Politics & Government

Florida Rep. Diaz-Balart's legacy may be defined by Cuba

In 18 years as a congressman, Lincoln Diaz-Balart sat on the powerful House rules committee, championed citizenship for undocumented college students and brought home dollars for South Florida institutions. But his defining cause was always Cuba.

The Miami Republican's decision to leave office at the end of the year comes as advocates for easing the Cuban embargo suggest they have their best shot at success in years. But observers said Thursday that although Diaz-Balart's forceful, decades-long advocacy of a hard line against Cuba will be difficult to match, his efforts will endure.

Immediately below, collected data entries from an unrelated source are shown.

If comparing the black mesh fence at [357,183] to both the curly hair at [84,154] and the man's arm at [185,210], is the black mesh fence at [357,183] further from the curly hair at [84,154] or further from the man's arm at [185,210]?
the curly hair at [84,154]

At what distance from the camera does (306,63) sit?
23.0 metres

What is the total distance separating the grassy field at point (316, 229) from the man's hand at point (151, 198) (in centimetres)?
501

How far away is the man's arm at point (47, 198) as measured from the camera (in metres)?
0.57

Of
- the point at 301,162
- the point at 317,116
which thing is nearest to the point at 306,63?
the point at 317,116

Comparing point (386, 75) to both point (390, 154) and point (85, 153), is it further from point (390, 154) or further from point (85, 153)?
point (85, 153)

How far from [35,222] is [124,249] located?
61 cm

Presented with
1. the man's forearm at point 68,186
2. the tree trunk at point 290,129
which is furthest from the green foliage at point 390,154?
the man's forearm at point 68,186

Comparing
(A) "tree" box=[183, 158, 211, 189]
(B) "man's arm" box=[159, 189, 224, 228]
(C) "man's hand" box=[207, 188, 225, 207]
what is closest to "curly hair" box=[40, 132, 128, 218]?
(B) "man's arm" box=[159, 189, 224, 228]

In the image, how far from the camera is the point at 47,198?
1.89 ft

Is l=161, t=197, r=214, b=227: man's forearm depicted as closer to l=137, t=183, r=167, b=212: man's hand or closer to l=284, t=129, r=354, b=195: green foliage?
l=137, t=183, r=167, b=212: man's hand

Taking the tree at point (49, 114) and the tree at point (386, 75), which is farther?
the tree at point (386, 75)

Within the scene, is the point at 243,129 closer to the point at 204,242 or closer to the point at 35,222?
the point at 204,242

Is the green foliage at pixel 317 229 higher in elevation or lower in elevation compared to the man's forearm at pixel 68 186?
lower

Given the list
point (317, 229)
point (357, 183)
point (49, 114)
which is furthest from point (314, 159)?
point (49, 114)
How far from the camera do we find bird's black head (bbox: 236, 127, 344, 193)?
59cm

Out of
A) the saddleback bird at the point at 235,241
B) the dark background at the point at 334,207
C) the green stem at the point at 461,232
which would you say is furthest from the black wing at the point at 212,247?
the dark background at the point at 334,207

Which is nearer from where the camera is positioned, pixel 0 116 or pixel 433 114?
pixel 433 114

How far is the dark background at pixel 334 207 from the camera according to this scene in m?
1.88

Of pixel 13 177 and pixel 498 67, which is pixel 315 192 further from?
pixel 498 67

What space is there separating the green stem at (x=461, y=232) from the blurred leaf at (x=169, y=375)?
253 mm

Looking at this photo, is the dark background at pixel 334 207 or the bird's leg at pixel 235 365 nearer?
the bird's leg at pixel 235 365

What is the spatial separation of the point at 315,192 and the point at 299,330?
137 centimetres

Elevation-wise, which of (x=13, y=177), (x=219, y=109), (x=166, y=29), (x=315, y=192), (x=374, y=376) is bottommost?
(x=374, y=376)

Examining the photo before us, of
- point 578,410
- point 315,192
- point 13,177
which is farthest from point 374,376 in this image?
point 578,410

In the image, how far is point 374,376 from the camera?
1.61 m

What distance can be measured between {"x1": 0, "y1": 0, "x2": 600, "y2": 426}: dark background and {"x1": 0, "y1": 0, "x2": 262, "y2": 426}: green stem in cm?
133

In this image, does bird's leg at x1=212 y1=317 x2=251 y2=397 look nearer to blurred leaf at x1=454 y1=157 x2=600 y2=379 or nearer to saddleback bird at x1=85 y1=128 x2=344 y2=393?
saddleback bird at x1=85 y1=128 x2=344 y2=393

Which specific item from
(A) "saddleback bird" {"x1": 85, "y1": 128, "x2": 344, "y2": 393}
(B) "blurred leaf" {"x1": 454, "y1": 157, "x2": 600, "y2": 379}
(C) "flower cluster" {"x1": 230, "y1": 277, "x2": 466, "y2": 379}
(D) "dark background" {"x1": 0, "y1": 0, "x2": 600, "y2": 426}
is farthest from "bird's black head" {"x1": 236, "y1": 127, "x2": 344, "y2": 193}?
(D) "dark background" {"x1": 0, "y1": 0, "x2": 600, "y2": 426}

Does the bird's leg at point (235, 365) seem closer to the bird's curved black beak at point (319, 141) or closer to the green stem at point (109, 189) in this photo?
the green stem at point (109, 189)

"Lincoln is the senior statesmen, he helped create the policy, but there are a lot of people working to keep it," said Mauricio Claver-Carone, director of a leading pro-embargo lobby, the U.S. Cuba Democracy political action committee. "You can't minimize what a vocal, important figure he is in regards to U.S.-Cuba policy, but the policy will not retire with him."

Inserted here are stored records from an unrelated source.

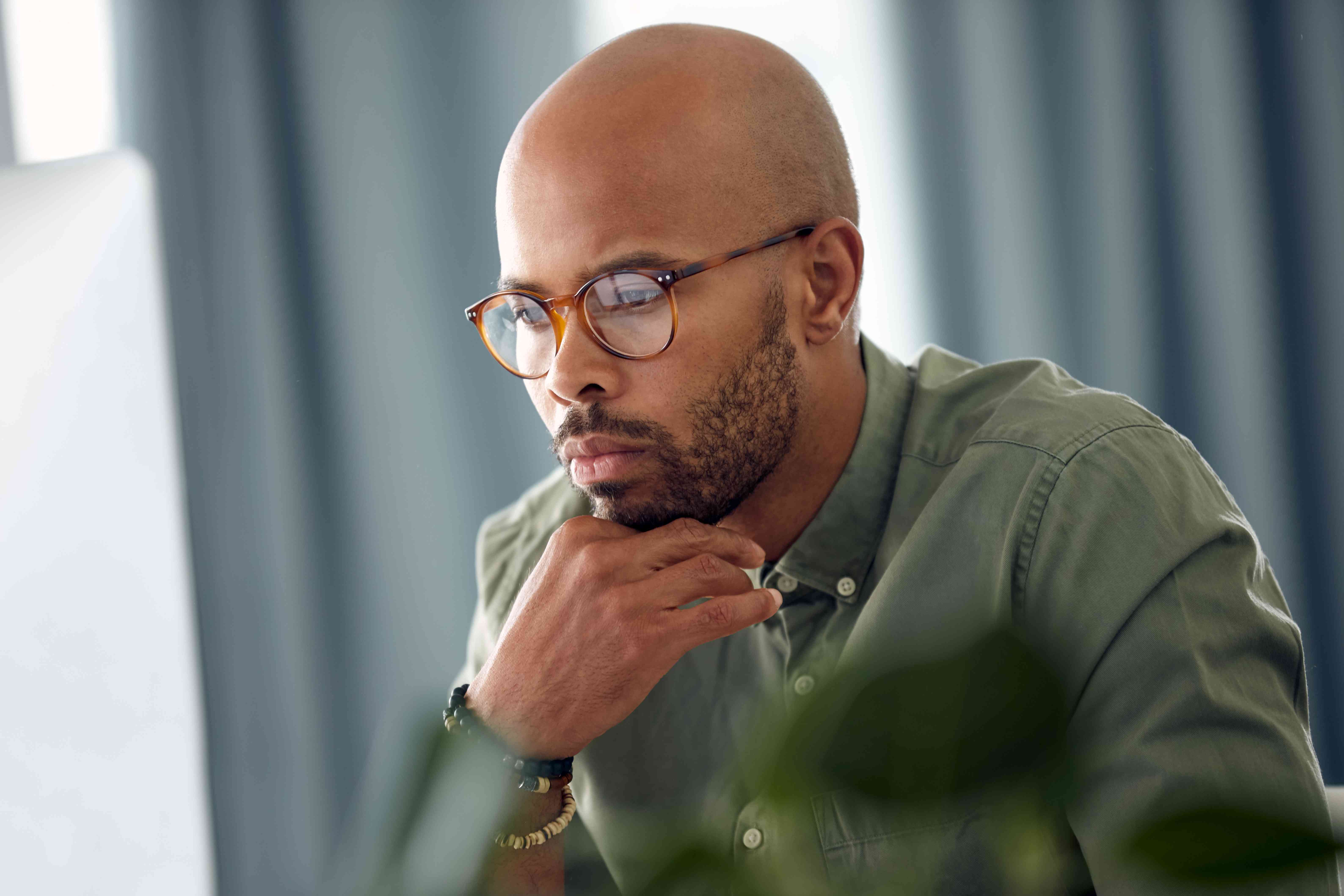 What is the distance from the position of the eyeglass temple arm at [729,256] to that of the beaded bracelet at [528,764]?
48cm

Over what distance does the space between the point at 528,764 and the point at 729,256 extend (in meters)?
0.56

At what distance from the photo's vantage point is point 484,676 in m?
0.97

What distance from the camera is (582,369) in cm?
101

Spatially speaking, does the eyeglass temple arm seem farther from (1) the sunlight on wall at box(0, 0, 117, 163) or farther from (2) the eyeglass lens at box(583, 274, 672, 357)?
(1) the sunlight on wall at box(0, 0, 117, 163)

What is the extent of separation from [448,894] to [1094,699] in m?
0.67

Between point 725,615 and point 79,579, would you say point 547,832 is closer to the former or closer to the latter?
point 725,615

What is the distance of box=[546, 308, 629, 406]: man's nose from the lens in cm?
101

And Claver-Carone noted that unlike in Cuba -- where Fidel and Raul Castro have kept a tight rein on power for more than five decades -- Diaz-Balart's retirement "opens the door for a new generation of Cuban Americans."

His decision could affect the political fortunes of several Republican Cuban-American state legislators who share Diaz-Balart's politics, if not the fiery rhetoric of the Cuban-born politician.

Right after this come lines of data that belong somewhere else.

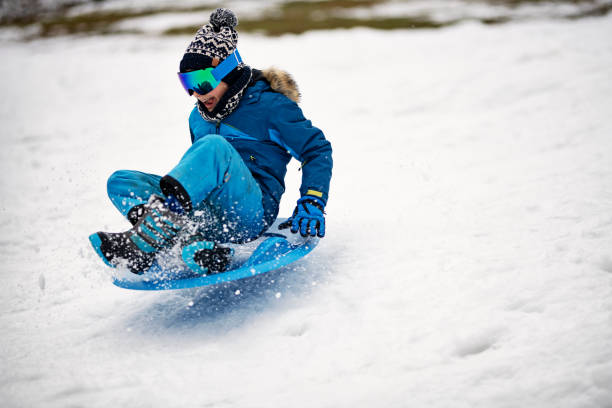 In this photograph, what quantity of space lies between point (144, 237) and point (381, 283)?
44.1 inches

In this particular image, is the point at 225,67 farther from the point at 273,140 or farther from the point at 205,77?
the point at 273,140

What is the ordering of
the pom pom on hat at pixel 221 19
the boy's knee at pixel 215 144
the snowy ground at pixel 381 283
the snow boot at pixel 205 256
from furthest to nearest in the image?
1. the pom pom on hat at pixel 221 19
2. the boy's knee at pixel 215 144
3. the snow boot at pixel 205 256
4. the snowy ground at pixel 381 283

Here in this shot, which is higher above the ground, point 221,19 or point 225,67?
point 221,19

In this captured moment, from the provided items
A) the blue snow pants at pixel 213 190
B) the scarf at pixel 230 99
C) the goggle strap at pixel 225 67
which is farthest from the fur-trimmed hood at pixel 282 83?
the blue snow pants at pixel 213 190

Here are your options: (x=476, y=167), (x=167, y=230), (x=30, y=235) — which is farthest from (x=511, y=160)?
(x=30, y=235)

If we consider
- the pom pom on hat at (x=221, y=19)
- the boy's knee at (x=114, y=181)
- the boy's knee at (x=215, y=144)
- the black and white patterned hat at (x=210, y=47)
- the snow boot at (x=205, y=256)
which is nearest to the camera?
the snow boot at (x=205, y=256)

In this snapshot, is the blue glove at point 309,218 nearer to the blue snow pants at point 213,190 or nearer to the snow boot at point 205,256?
the blue snow pants at point 213,190

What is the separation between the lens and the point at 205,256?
1961 mm

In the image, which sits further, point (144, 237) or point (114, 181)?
point (114, 181)

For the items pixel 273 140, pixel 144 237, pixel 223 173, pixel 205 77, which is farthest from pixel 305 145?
pixel 144 237

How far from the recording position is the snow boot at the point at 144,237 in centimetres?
196

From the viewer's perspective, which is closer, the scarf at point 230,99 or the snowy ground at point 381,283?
the snowy ground at point 381,283

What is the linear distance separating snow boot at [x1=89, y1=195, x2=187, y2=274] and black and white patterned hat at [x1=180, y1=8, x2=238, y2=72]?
767 mm

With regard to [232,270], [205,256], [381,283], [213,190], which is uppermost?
[213,190] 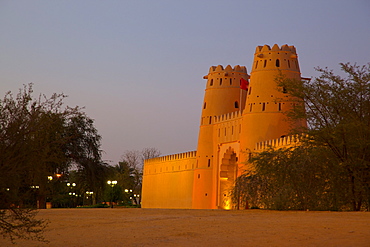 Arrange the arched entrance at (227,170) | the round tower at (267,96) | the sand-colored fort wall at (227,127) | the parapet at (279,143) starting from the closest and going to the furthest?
the parapet at (279,143) < the round tower at (267,96) < the sand-colored fort wall at (227,127) < the arched entrance at (227,170)

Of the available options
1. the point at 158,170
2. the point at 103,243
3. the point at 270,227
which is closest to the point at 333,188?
the point at 270,227

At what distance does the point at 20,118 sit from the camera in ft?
35.4

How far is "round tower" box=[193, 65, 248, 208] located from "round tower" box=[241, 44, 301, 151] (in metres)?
5.70

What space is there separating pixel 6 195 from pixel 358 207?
1519 cm

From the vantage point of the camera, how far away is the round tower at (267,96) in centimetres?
4062

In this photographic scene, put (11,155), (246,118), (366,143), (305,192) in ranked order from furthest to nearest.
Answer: (246,118) → (305,192) → (366,143) → (11,155)

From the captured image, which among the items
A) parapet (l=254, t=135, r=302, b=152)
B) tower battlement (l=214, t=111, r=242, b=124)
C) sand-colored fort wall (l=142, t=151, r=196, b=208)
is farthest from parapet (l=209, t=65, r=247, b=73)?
parapet (l=254, t=135, r=302, b=152)

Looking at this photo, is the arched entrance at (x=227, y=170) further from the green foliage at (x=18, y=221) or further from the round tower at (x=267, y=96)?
the green foliage at (x=18, y=221)

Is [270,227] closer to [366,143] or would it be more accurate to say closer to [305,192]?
[366,143]

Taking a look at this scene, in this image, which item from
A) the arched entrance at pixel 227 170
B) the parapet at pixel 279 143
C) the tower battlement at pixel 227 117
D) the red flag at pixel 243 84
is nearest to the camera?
the parapet at pixel 279 143

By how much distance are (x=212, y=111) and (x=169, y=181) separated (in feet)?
28.2

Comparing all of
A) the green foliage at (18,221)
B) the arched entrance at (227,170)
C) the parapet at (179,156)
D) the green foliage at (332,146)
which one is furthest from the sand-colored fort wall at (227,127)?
the green foliage at (18,221)

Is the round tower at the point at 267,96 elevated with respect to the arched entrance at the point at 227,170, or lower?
elevated

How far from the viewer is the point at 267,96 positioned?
41250 mm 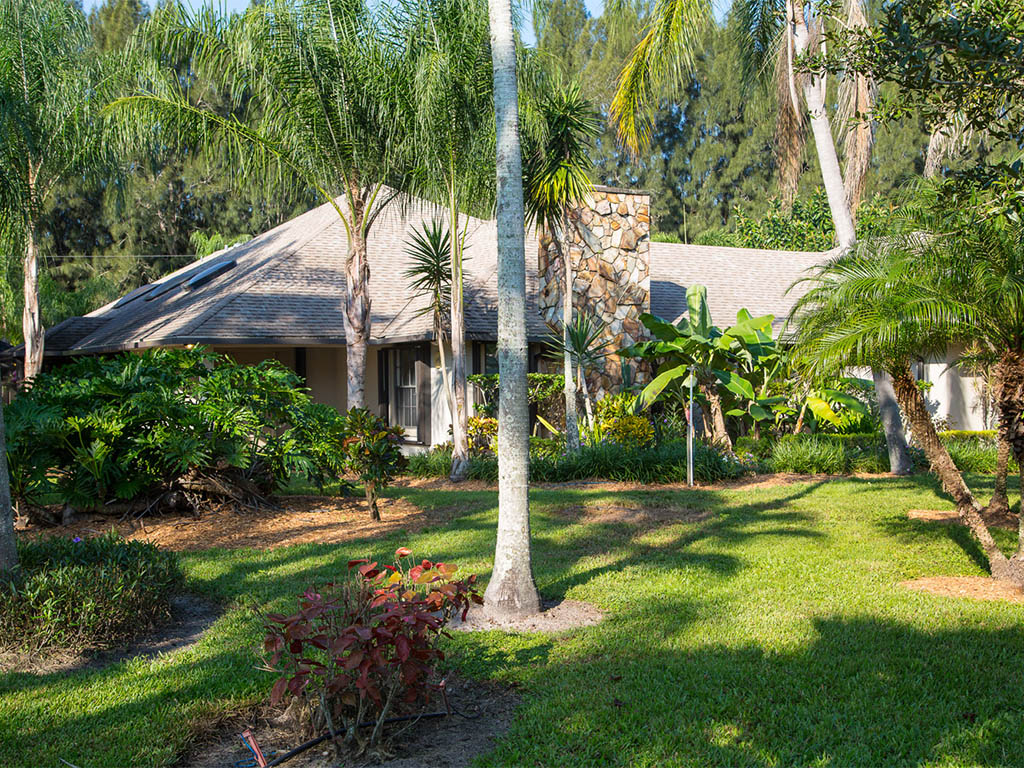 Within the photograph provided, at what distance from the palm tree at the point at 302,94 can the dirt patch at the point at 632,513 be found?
4482 mm

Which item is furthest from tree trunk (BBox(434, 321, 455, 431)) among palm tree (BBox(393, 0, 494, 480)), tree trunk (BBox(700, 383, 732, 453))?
tree trunk (BBox(700, 383, 732, 453))

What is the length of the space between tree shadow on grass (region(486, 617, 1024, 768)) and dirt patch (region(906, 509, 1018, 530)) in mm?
3470

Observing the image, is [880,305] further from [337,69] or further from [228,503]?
[337,69]

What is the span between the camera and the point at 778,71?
44.8ft

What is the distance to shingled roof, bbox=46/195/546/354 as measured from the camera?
57.7ft

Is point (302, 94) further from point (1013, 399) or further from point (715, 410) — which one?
point (1013, 399)

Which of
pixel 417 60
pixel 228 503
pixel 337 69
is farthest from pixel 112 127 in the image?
pixel 228 503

Still, Diaz-Balart's retirement does signal the end of an era, said Daniel Erikson, the author of The Cuba Wars. Diaz-Balart, 55, is the second high-ranking Cuban-American politician to leave Washington in the last year. Florida Sen. Mel Martinez gave up his seat last year to return to the private sector. Erikson noted that Diaz-Balart's chief opponents in the Senate, Democrats Chris Dodd and Bryon Dorgan -- who want to lift the embargo -- also announced plans to retire in 2010.

Few lawmakers, Erikson said, share Diaz-Balart's "single-minded passion."

"He has really kept a laser-like focus on this issue for close to two decades in a manner that is less nuanced and more sustained than any of his other colleagues in Congress," Erikson said.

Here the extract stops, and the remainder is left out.